_Data to use:_

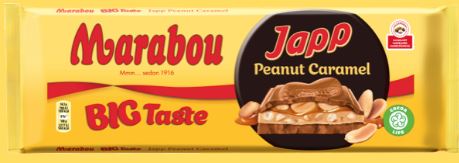 Marabou Peanut and Caramel Chocolate Bar 276g - Soposopo
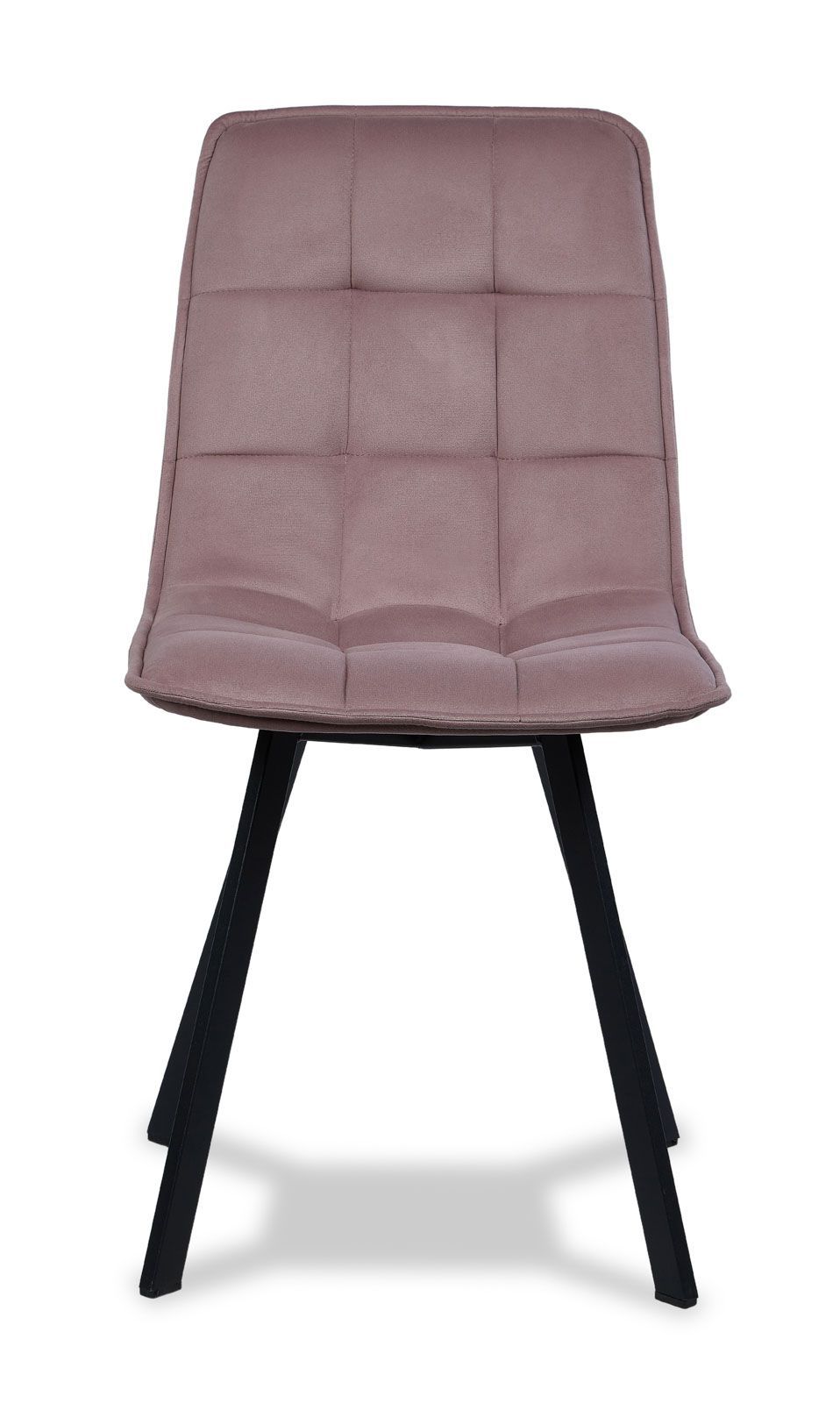 Комплект стульев "Роли", 2 шт, серо-розовый велюр, Divan24 — дополнительное фото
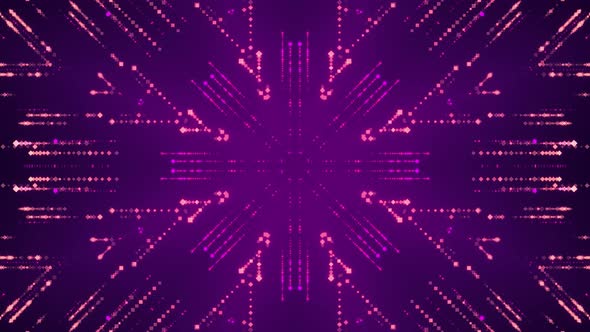 Purple Abstract Light Symmetrical Pattern Background for VJ Loop alt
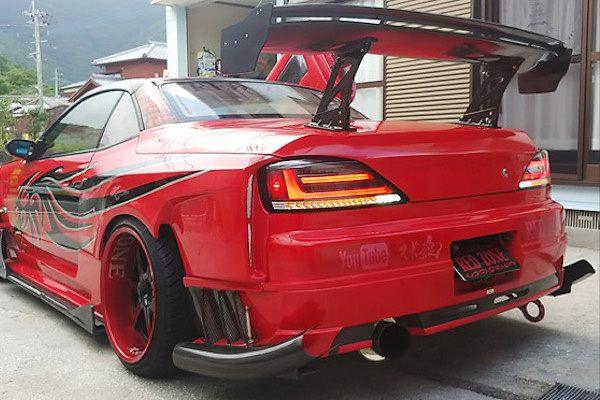 78Works Fiber Full Led BLK Edition Taillights SQ indicator Silvia S15 Prolink Performance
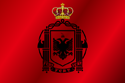 Flag of Albania (1939) Crowned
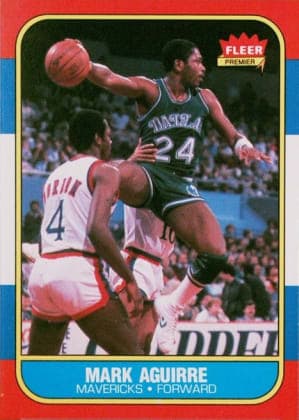 Mark Aguirre - 1986 Fleer #3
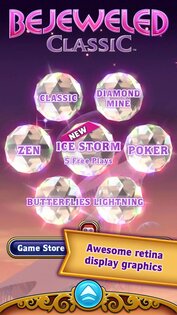 Bejeweled Classic 3.8.1. Скриншот 1
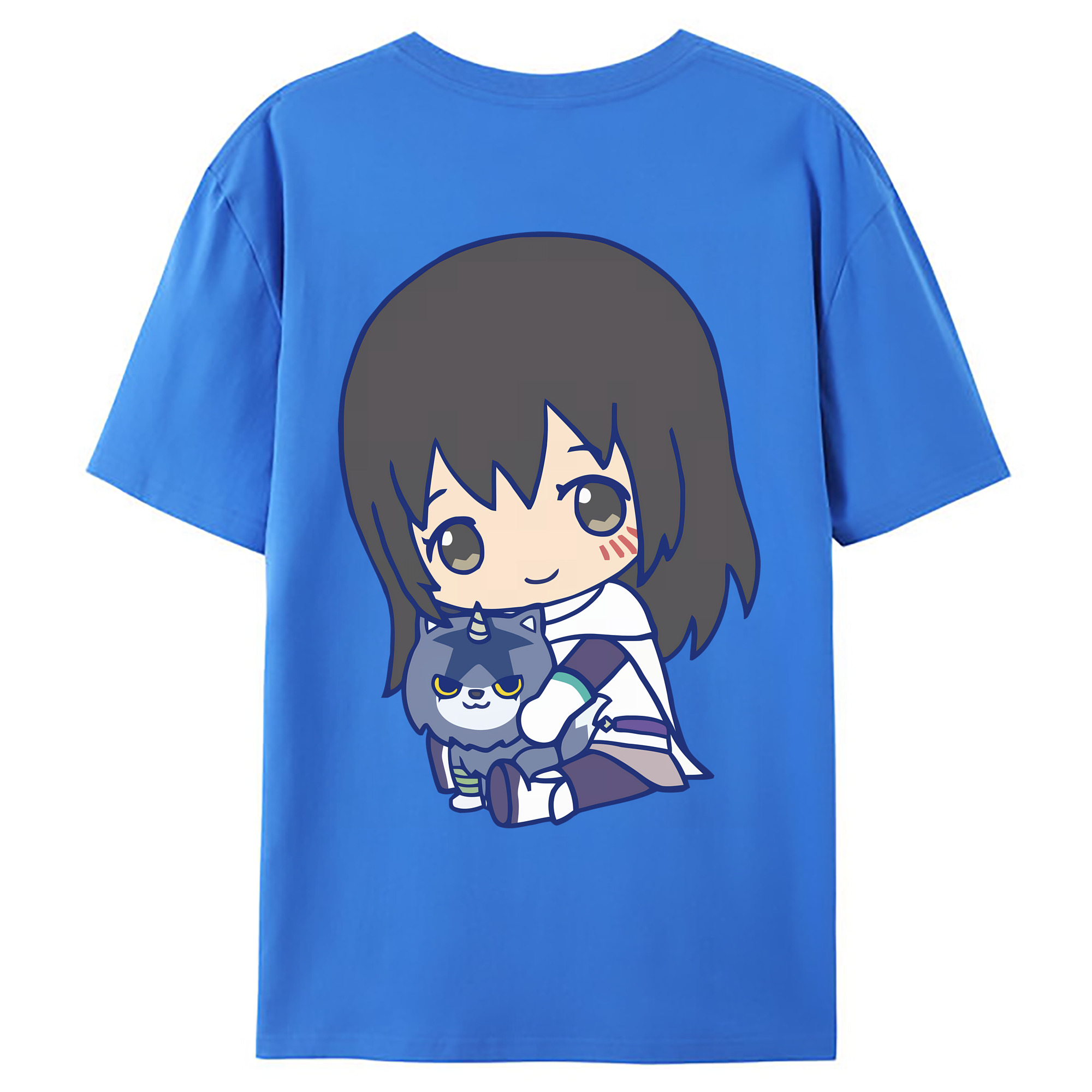 （画像用） 転スラ Regarding Reincarnated to Slime 綿100％ メンズ半袖Tシャツ（バックプリント） 通気性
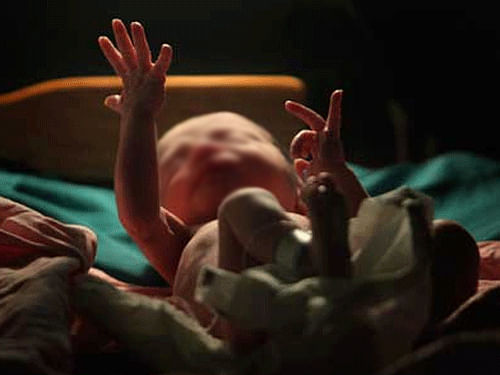 A newborn baby boy, reportedly just one day old, was found dead in a garbage bin opposite the government hospital in Shankar Nagar under the Nandini Layout police limits on Friday.  Reuters file photo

_What to produce:_ Beginning with the line that holds "Purple Abstract Light", write out exactly the lines down to the end of the material above, and no others. Pictures are not part of the copy.

_Expected output:_
 Purple Abstract Light Symmetrical Pattern Background for VJ Loop alt
 78Works Fiber Full Led BLK Edition Taillights SQ indicator Silvia S15 Prolink Performance
 Flag of Albania (1939) Crowned
 Mark Aguirre - 1986 Fleer #3
 Bejeweled Classic 3.8.1. Скриншот 1
 （画像用） 転スラ Regarding Reincarnated to Slime 綿100％ メンズ半袖Tシャツ（バックプリント） 通気性
 A newborn baby boy, reportedly just one day old, was found dead in a garbage bin opposite the government hospital in Shankar Nagar under the Nandini Layout police limits on Friday.  Reuters file photo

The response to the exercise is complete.